In his new book, Blind Into Baghdad: America’s War in Iraq,
Atlantic Monthly writer James
Fallows
stops short of supplying a straightforward
answer to this question. But he does sort through the issues
surrounding it with a minimum of cant and a maximum of insight and
common sense. The book is a collection of essays culled from the
pages of the Atlantic in the order in which they were
published. The most remarkable of these, “The
Fifty-First State
,” went to print in November 2002 and earned
Fallows a National Magazine Award. Reading it is an eerie
experience: It predicts, with pinpoint accuracy, most of what has
occurred in Iraq since the invasion in March 2003. The rest of the
essays in Blind Into Baghdad are distinguished by the same
searching intelligence, breadth of sources, and foresight.
Recently, Fallows corresponded with me by email from Shanghai.

There is a growing call for partition in Iraq, with
Kurdistan in the north, some sort of Sunni state in the middle, and
Shiastan (as former U.S. ambassador Peter Galbraith calls it) in
the south.
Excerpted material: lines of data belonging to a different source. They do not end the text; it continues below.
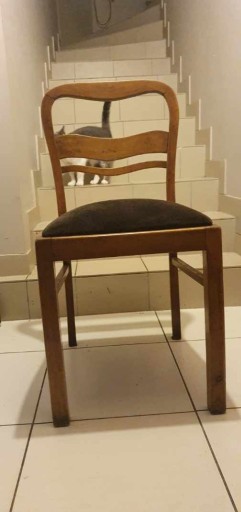 Zdjęcie oferty: Stare krzesło do renowacji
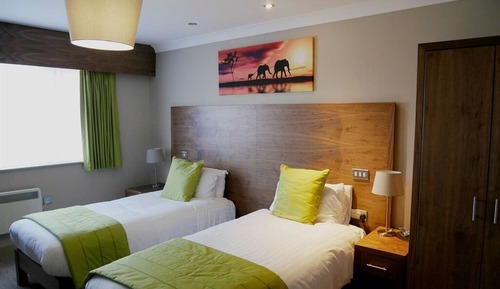 Habitación con 2 camas individuales, baño privado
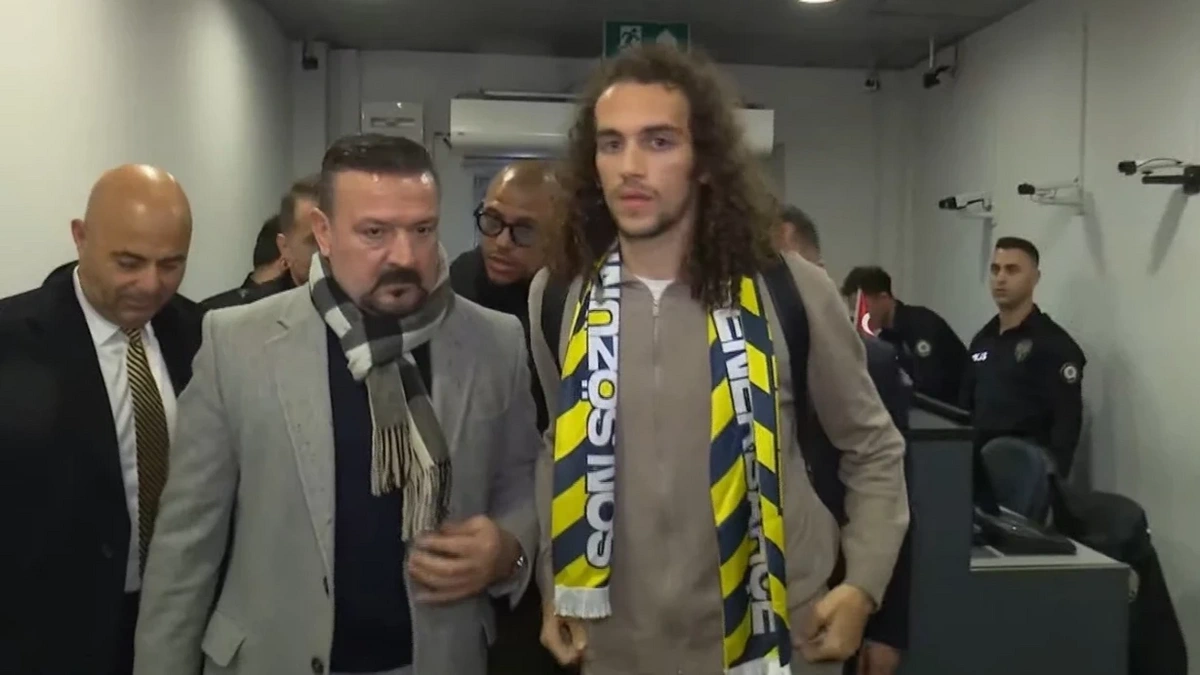 "Fənərbağça"nın yeni transferi İstanbula GƏLDİ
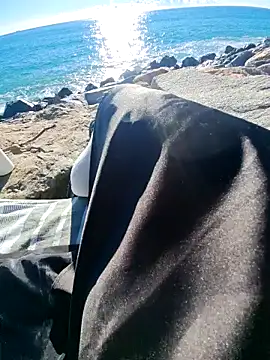 Snapshot of SexyErola27 chatting on January 12, 2025, 10:12 am SexyErola27 online show from January 12, 2025, 10:12 am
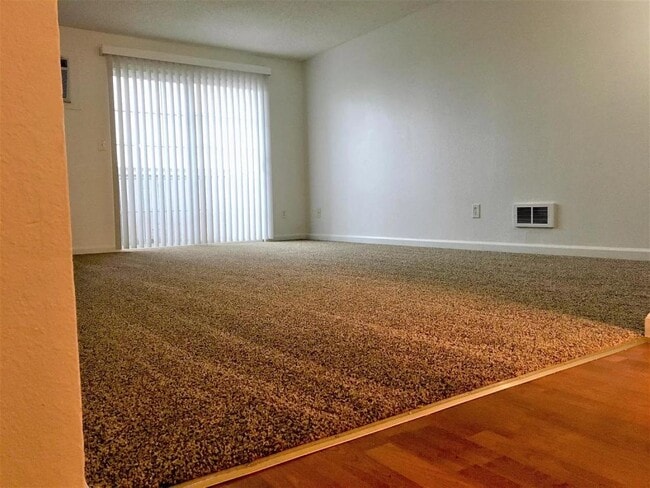 Building Photo - 4124 W Albany Ave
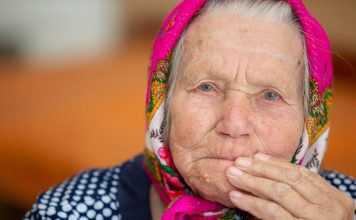 NANA JE SAMA OTHRANILA UNUKE ČISTEĆI ZGRADE: “Neki uspešni ljudi zarađuju mnogo, ne stižu deci da skuvaju ručak”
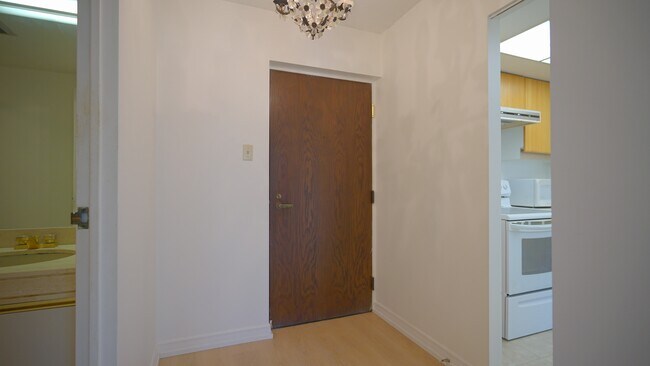 Photo - 65-2165 Harbour Square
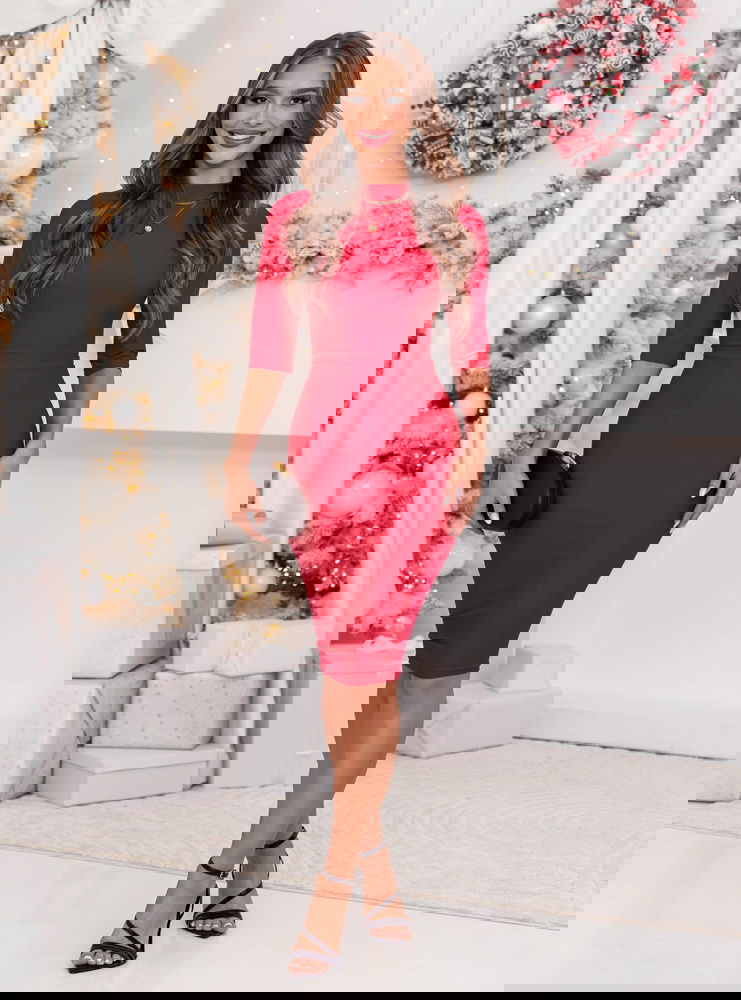 Malinowa dopasowana świąteczna...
What do you think about that?

Regardless of its theoretical desirability, that seems to be
where things are headed. One can think of lots of arguments against
a partition of the country: the oil isn’t evenly distributed, so
there would be obvious economic problems; much of the center of the
country previously had mixed Sunni-Shiite populations, so it
wouldn’t lend itself to a neat division without moving a lot of
people around; apart from the Kurds, many Iraqis seem to have
valued the idea of one unified country; and so on.

But the logic of events seems to be moving the other way. The
Kurds have maintained de facto separation. Ethnically based
militias have greatly intensified divisions and hatred among the
Arab Iraqis. Very few truly national institutions seem to have
emerged. The military and diplomatic cost of holding the country
together may simply make that prospect moot.

Will Turkey intervene to discourage its own Kurdish
population from seeking independence? Will we see a massive
bloodbath over control of oil and water?

It’s impossible to be sure about this. But if the last four
years in and around Iraq have illustrated anything, it’s dangerous
to roll the dice and assume that everything will be okay.
Certainly, the Turks have indicated that they view it as a matter
of first priority that the Iraqi Kurds not be allowed to establish
an officially independent state. Whether that Turkish stance is a
negotiating ploy or a genuine statement of their intentions we
can’t be sure. But it would be reckless simply to assume that they
don’t mean it.

Do we stay in Iraq, or do we leave? Do we stay in some
limited capacity? Do we increase the number of troops?

This has become the classic “there’s no good answer” question.
The good answer, in my view, would have been not to invade in the
first place—and I try to argue in my book why that would have been
a plausible option. Or, if we felt we had to invade, to wait and
line up enough international (especially Islamic and
Arabic-speaking) support to make the post-war prospects better than
they have turned out to be.

Here is the argument for leaving right now: If you’re convinced
that the presence of American forces is necessarily making things
worse than they would be otherwise, and that the difficulties of
leaving will only get worse with passing time, then it is better to
face that reality now. My understanding is that it’s not yet at
that point. To put it differently, things could become worse
enough, fast enough with a sudden U.S. withdrawal to compound
American responsibility for what it has undertaken. Also, as a
matter of basic negotiating tactics, you don’t announce a
constraint on what you will do. Therefore, I think the U.S. should
operate as if its goal is to reduce its presence (and exposure) in
Iraq as quickly as possible, but not to publicly announce this.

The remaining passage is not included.